● **What needs to be done**
An exact copy of the data is needed, one that excludes all pictures.

● **Data block**
......

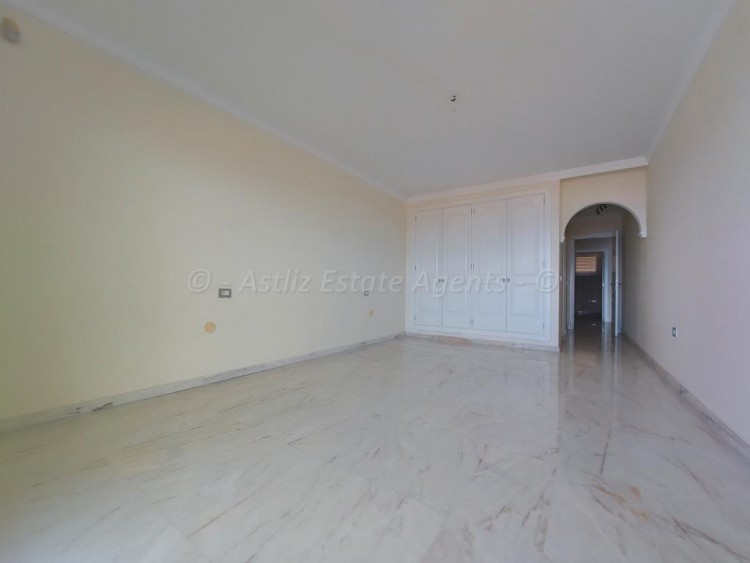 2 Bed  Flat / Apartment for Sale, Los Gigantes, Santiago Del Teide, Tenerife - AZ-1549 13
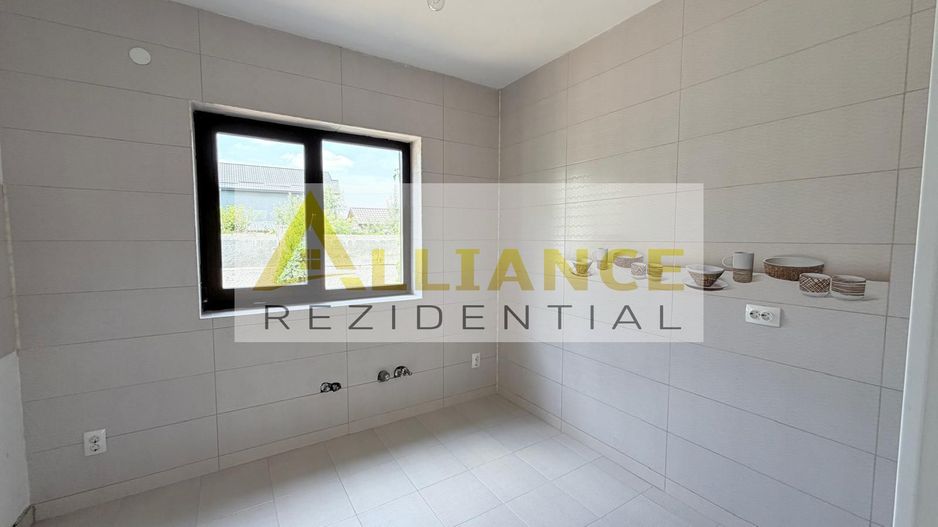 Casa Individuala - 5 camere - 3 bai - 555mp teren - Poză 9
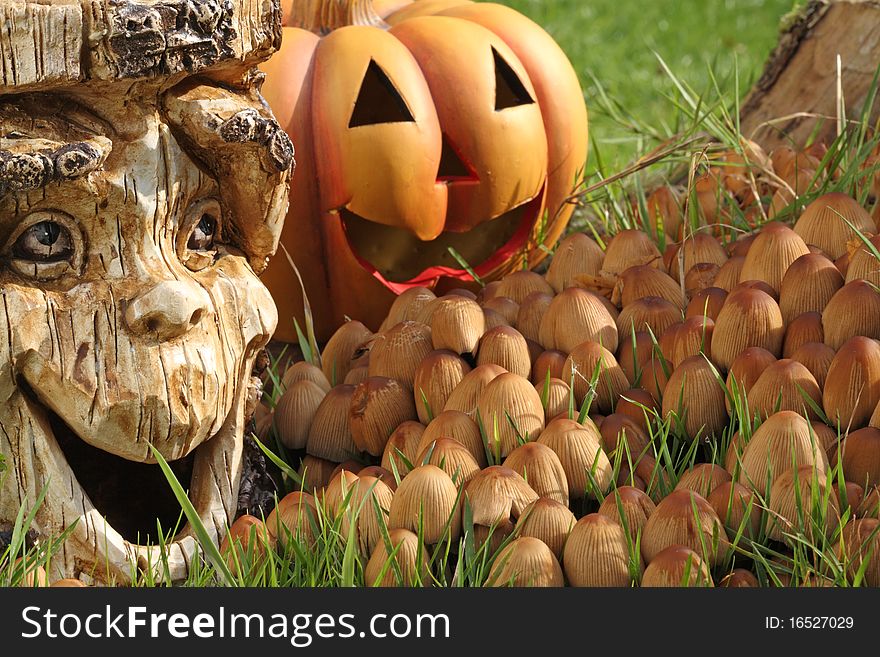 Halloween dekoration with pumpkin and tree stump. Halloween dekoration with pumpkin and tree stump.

......

● **The completed task**
 2 Bed  Flat / Apartment for Sale, Los Gigantes, Santiago Del Teide, Tenerife - AZ-1549 13
 Casa Individuala - 5 camere - 3 bai - 555mp teren - Poză 9
 Halloween dekoration with pumpkin and tree stump. Halloween dekoration with pumpkin and tree stump.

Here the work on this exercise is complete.